:: TASK PROMPT ::
All of the data must be output exactly, with every picture left out.

:: DATA EXTRACT ::

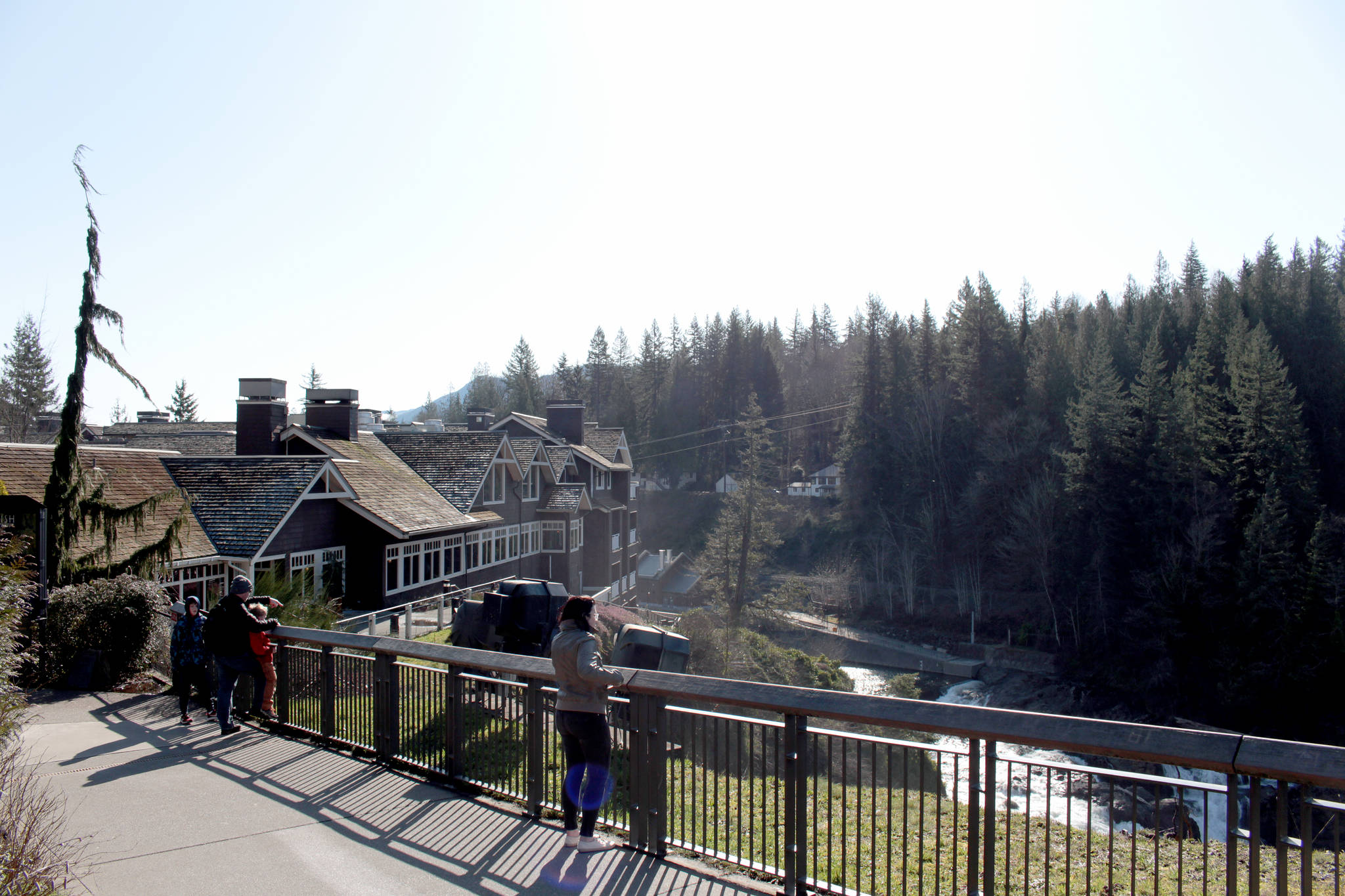 Sightseers at a Snoqualmie Falls viewpoint adjacent to the Salish Lodge & Spa on Feb. 19, 2020. Natalie DeFord/staff photo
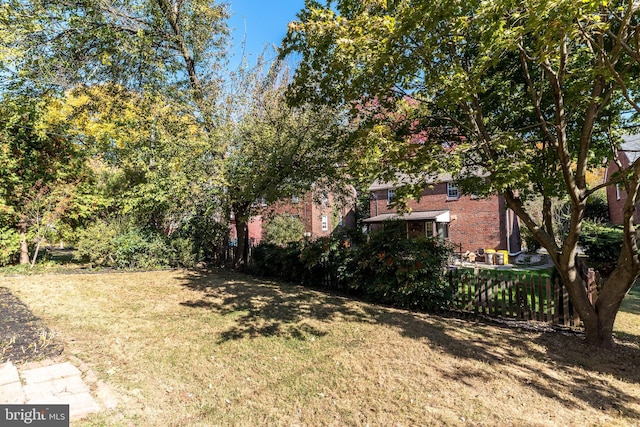 view of yard with fence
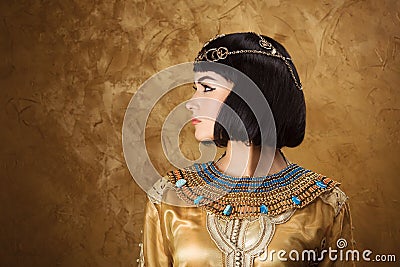Beautiful woman like Egyptian Queen Cleopatra on golden background. Side view, face profile Stock Photo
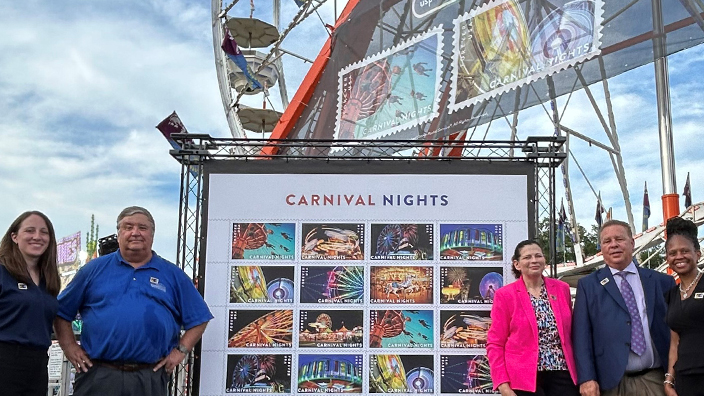 USPS officials and other guests stand on either side of a large photo of the USPS Carnival Nights stamps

:: COMPLETED EXERCISE ::
 Sightseers at a Snoqualmie Falls viewpoint adjacent to the Salish Lodge & Spa on Feb. 19, 2020. Natalie DeFord/staff photo
 view of yard with fence
Beautiful woman like Egyptian Queen Cleopatra on golden background. Side view, face profile Stock Photo
 USPS officials and other guests stand on either side of a large photo of the USPS Carnival Nights stamps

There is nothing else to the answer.